# Ford drifting?



## truemule (Sep 12, 2007)

I have a question for all you mechanic and ford guys out there. I have a 2000 F250 Powerstroke. When I drive it feels like the wind is blowing and the truck drifts form side to side. Also when I go to correct the drifting sometimes, it feels like it’s not steering and then all of the sudden grips and causes a slight overcorrection. What could be the cause of this? I have checked my idler arm on the steering and it moves a little but would that cause the truck to sway or drift? 

Thanks in advance for any help,


----------



## Loke (Sep 7, 2007)

Do you have over sized tires and a lift? If so, you probably need a steering stabilizer.


----------



## legacy (Sep 30, 2007)

I had a similar problem on a full size Bronco. It ended up being the axle joints.


----------



## truemule (Sep 12, 2007)

Loke said:


> Do you have over sized tires and a lift? If so, you probably need a steering stabilizer.


There is no lift, the tires are slightly larger thanwhat was stock. (285 instead of 265)



legacy said:


> I had a similar problem on a full size Bronco. It ended up being the axle joints.


Bite your tongue. How would I check for this?


----------



## chet (Sep 7, 2007)

your truck does not have an idler arm, It does have a pitman arm, but there is no wearable joint in it... all the joints are in the tie rods.

My vote is for ball joints, particularly the upper. When it wears, it causes a variance in caster, causing exactly the conditions you describe.


----------



## truemule (Sep 12, 2007)

chet said:


> your truck does not have an idler arm, It does have a pitman arm, but there is no wearable joint in it... all the joints are in the tie rods.
> 
> My vote is for ball joints, particularly the upper. When it wears, it causes a variance in caster, causing exactly the conditions you describe.

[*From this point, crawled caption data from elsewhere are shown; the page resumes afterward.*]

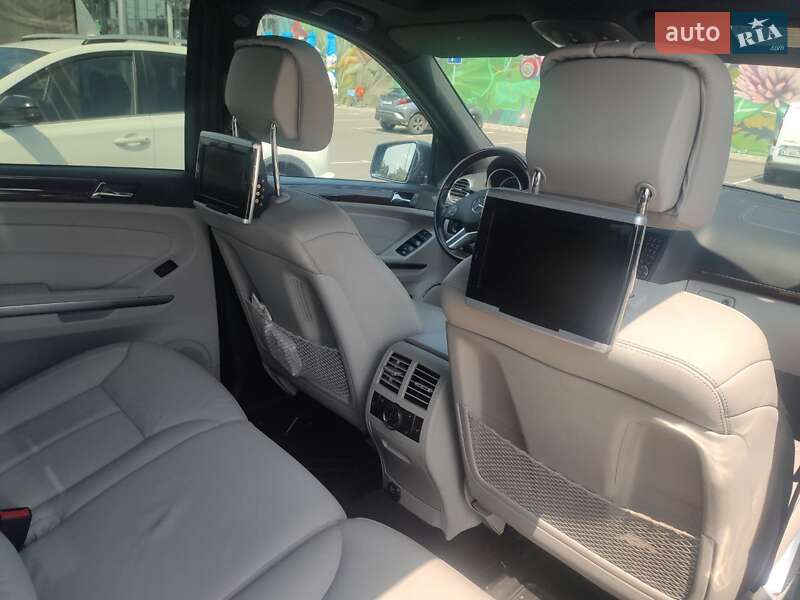 Позашляховик / Кросовер Mercedes-Benz GL-Class 2010 в Києві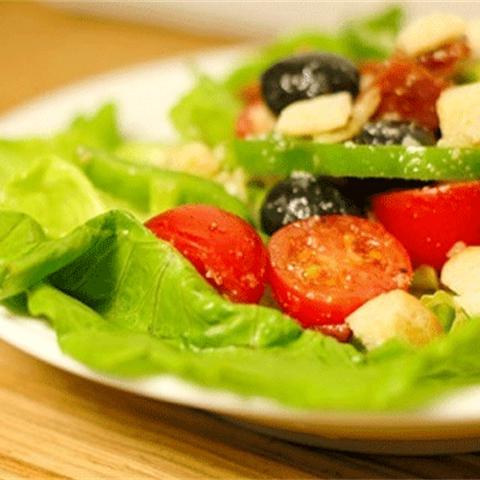 Công thức làm salad pizza rau củ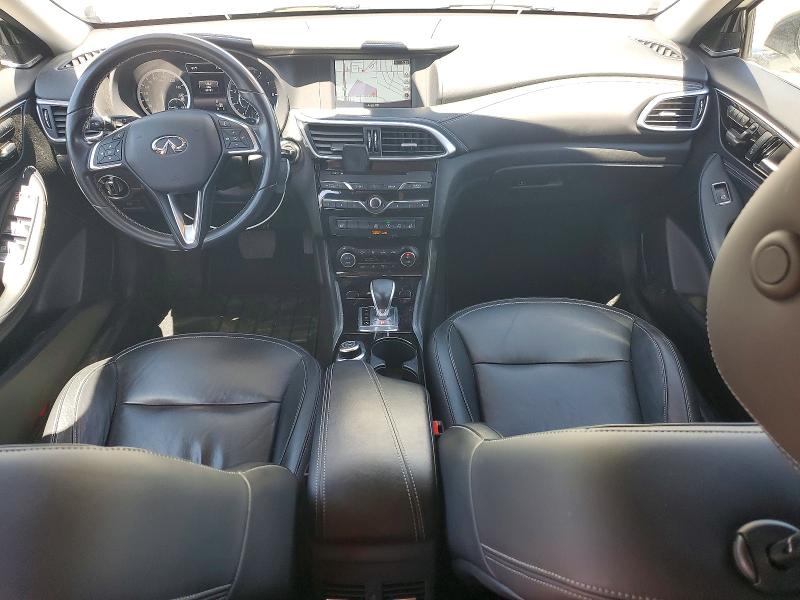 52719356 :رقم المزاد ، SJKCH5CR3HA022901 vin ، 2017 Infiniti Qx30 مزاد بيع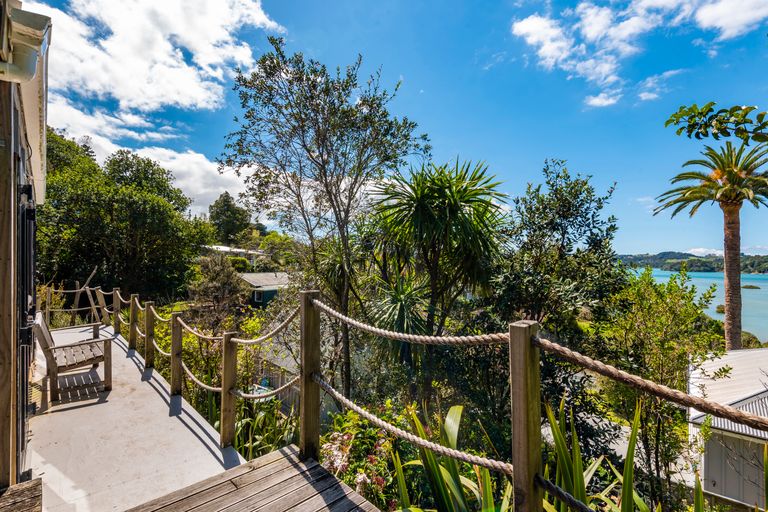 Photo of property in 16 Martin Road, Matakana, 0985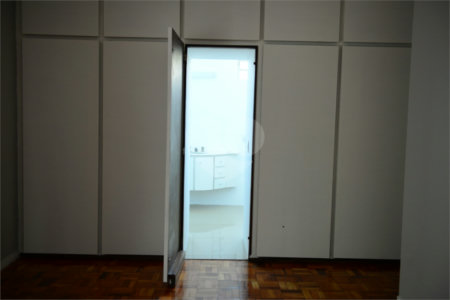 Casa térrea em Araraquara/SP.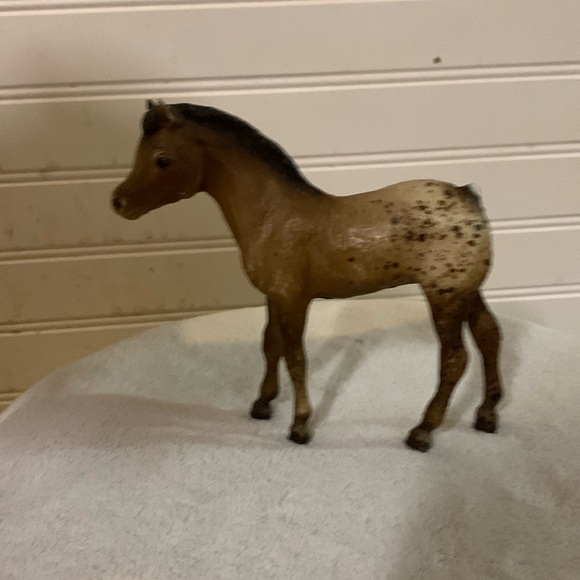 Breyer Horse - Picture 1 of 5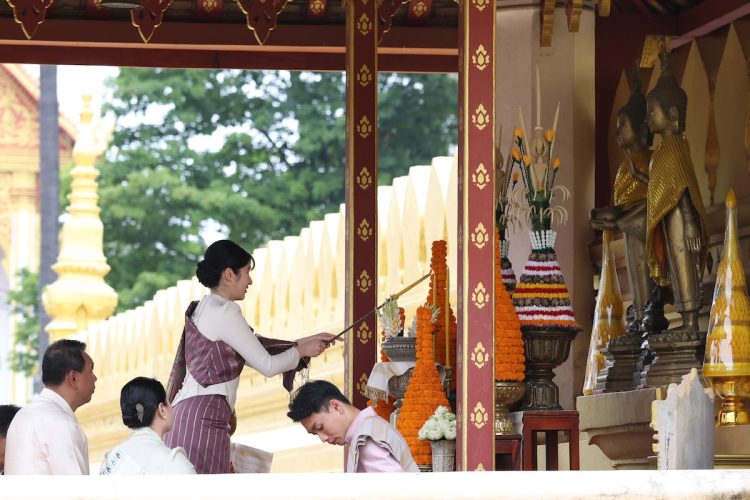 黄金の仏塔「タートルアン」を参拝された（2025年11月18日、撮影／横田紋子）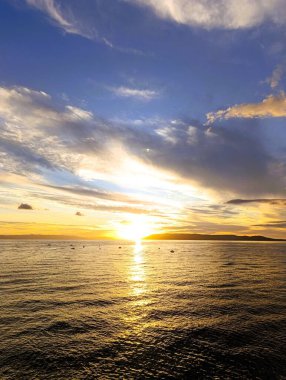 İnanılmaz altın gün batımı ve altın gökyüzü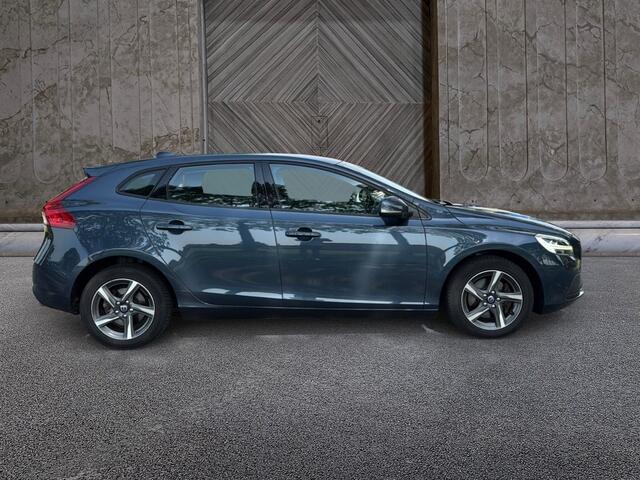 Volvo V40 2.0 D3 Momentum led, navi 150pk
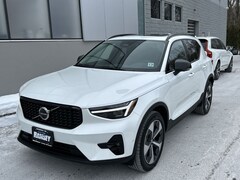 2026 Volvo XC40 B5 Plus SUV YV4L12UCXT2685396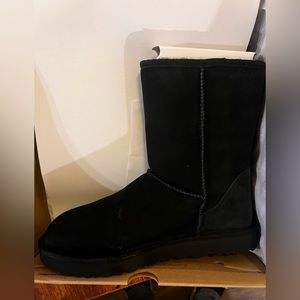 Ugg Classic Short II Brand New sz9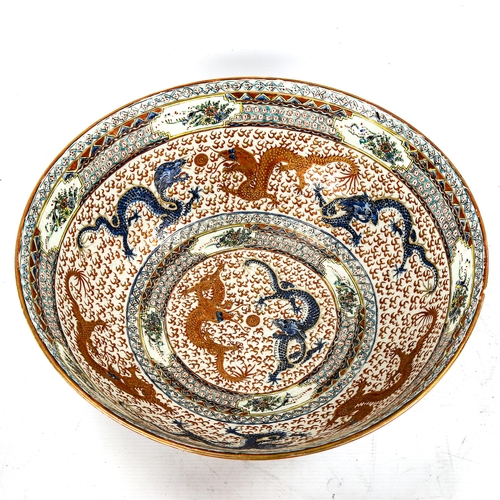 1251 - A Chinese porcelain dragon bowl, probably mid-20th century, hand painted and gilded decoration, diam... 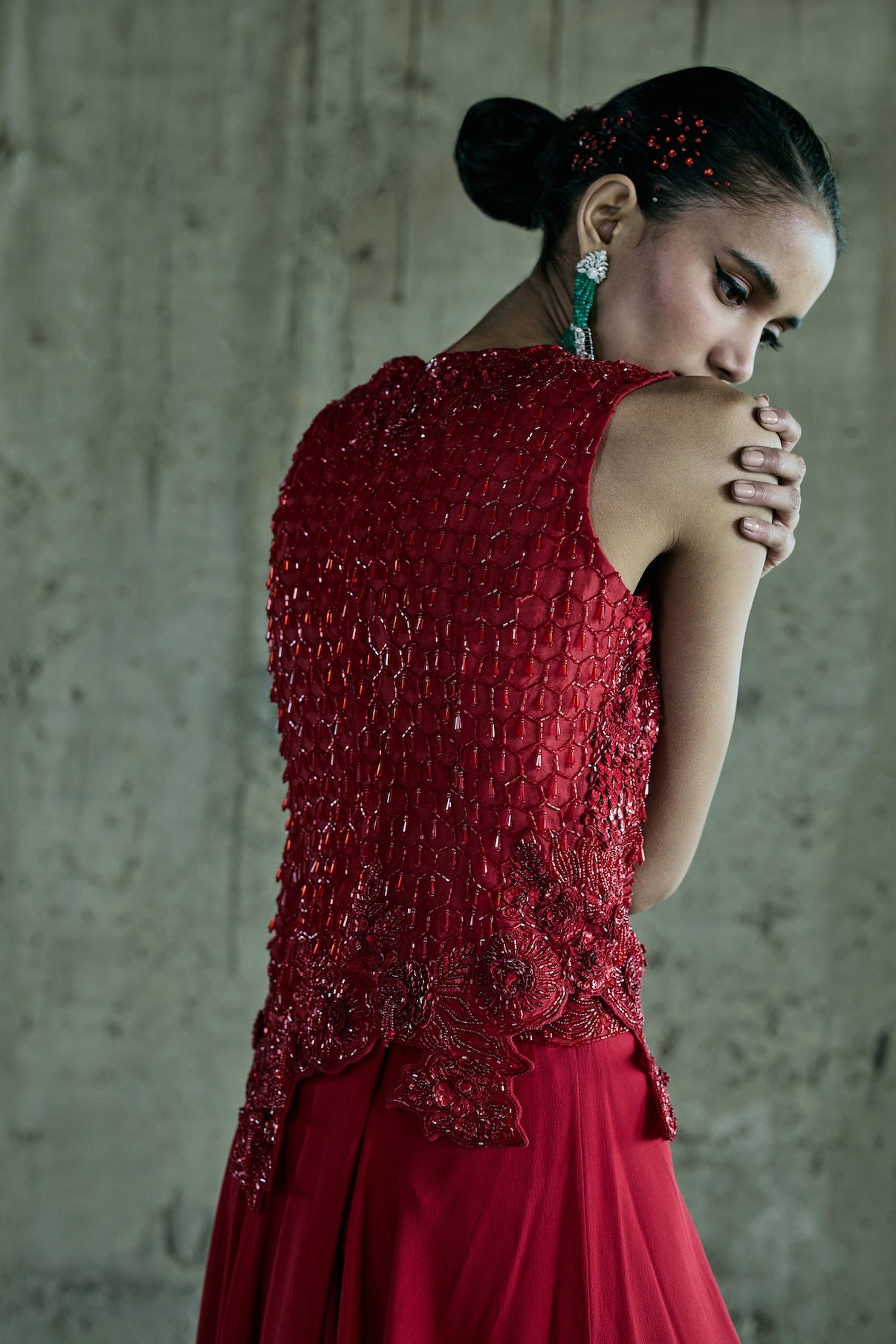 RED ASSYMETRICAL TOP WITH FLOWY PANTS SET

Thanks chet, Can I look at this myself to see if I can Identify it? Or is this something that needs to be taken apart and checked by a mecahnic? Also If I had to replace the uppers joints should I replace the lowers at the same time?


----------



## firedawg (Dec 20, 2007)

I have a 99 F-250 Ford....just got new upper and lower ball joints....if you have more than 50,000 to 65,000 miles on it thats more than likley what it is....especially with the powerstroke and if you tow alot.....also they are not cheap, if you fix it yourself you need to rent a ball joint press because they are pressed in. I also had to get new shocks, a new tie rod, and new brakes and a alignment of course.....break out the check book


----------



## chet (Sep 7, 2007)

yes do all 4 balls at the same time
also it would be easy to do the axle joints while the knuckle is off


----------



## truemule (Sep 12, 2007)

Thanks guys for all your help. It ended up being a bad tie rod and an adjustment on the steering gear box.


----------